A farm planted 10 mu of pumpkin last year, and the yield per mu was 2000 kg. According to the market demand, this year, the farm expanded the planting area, and planted all high-yield new varieties of pumpkin. It is known that the growth rate of pumpkin planting area is twice that of the yield per mu. This year, the total yield of pumpkin is 60000 kg, and the growth rate of pumpkin yield per mu is calculated

Suppose the growth rate of pumpkin yield per mu is x, then the growth rate of planting area is 2x. According to the meaning of the question, we get 10 (1 + 2x) · 2000 (1 + x) = 60000. The solution is: X1 = 0.5, X2 = - 2 (not the meaning, rounding off). Answer: the growth rate of pumpkin yield per mu is 50%

Compare 3333 times 5555 times 6666 times 8888 and 2222 times 4444 times 7777 times 9999

The first formula = the fourth power of 1111 * (3 * 5 * 6 * 8)
The second formula = the fourth power of 1111 * (2 * 4 * 7 * 9)'Is to compare 3 * 5 * 6 * 8 with 2 * 4 * 7 * 9
3*5*6*8＜2*4*7*9
It's very clear······

It is known that the range of F (x) = log2 (x + a) is r, which is the logarithm of 2 (x + a)

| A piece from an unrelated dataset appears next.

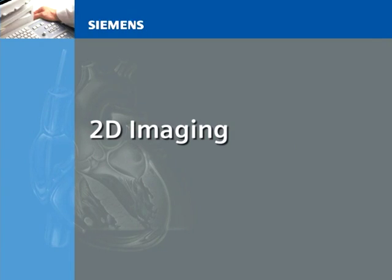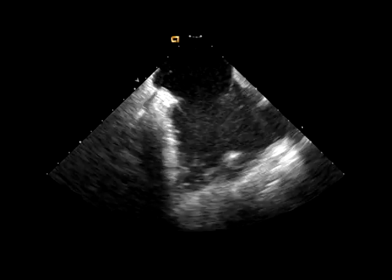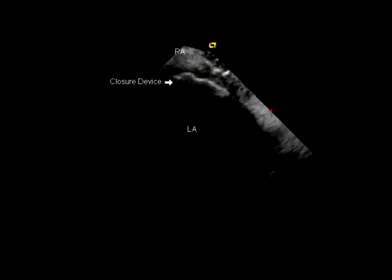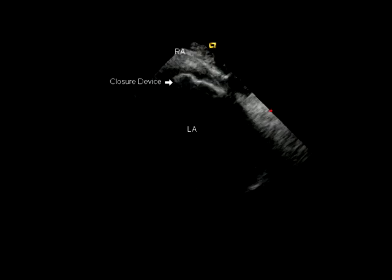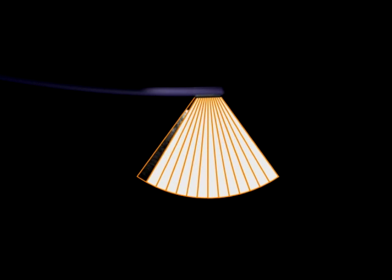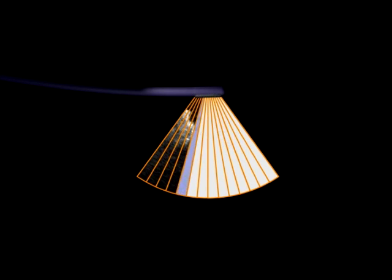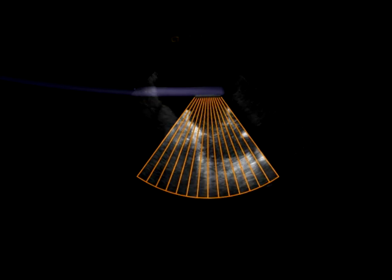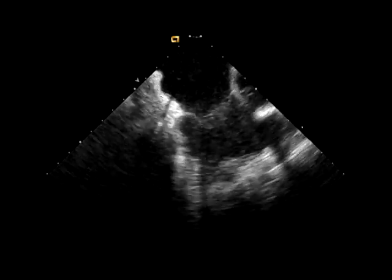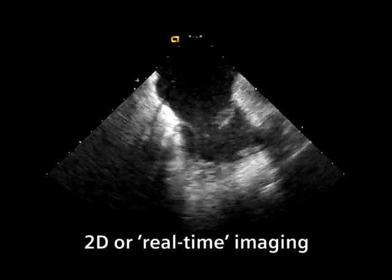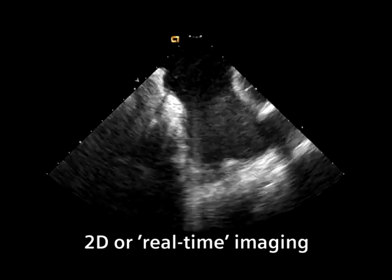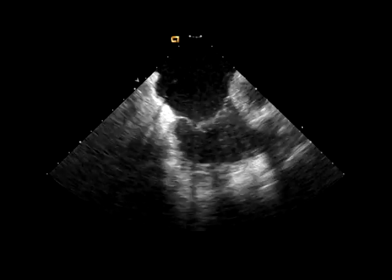2D Imaging. Two-dimensional ultrasound imaging allows the visualization of cardiac structures and devices within the heart in grayscale. By using multiple crystals and electronic steering of the ultrasound beam, multiple lines of information can be collected and collated to display ultrasound information in two dimensions with motion. 2D imaging is commonly referred to as real-time imaging because cardiac structures and motion are seen.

The range of F (x) = Log &; (x + a) is r
The value of T = | x | + a can take all positive numbers
Then a ≤ 0

136 × 101-136 simple operation 165 × 77-65 × 77 simple operation

136×101-136=136x(101-1)=136x100=13600
165×77-65×77=(165-65)x77=100x77=7700

For any allowable value of X in a certain range, P = | 1-2x | + | 1-3x | + +|The value of 1-10x | is constant. Find the number P and the range of X
1. For any allowable value of X in a certain range, P = | 1-2x | + | 1-3x | + +|The value of 1-10x | is constant. Find the number P and the range of X
2. It is known that when x takes any value in a certain range, the value of polynomial - 4x + | 4-7x | + | 4-3x | is constant. Try to find out the condition that x should satisfy and find out the constant value

(2)-4x+|4-7x|+|4-3x|=-4x+|7x-4|+|3x-4|
When X4 / 3,
Original formula = - 4x + 7x-4 + 3x-4 = 6x-8

It is proved that when x is very small, 1 / (1 + x ^ 2) is about 1-x ^ 2
How to solve the problem with differential knowledge

(1+x^2)(1-x^2)=1-x^4
When x is very small, x ^ 4 is close to 0
(1+x^2)(1-x^2)=1
So 1 / (1 + x ^ 2) = (1-x ^ 2)

It is known that x = 1 is the solution of the equation 3x with respect to x, and the solution of the equation K with respect to y is - 7K + 5 + Y-1 / 2 = 0

The square of 3x1 - 2x1 + 4x1-7 + k = 0 9-2 + 4-7 + k = 0, so k = - 4
So - 7x (- 4) + 5 + Y-1 / 2 = 0, y = - 65 / 2

What's the result of the quotient of 3.6 divided by 0.24 and the product of 5 times 1.8?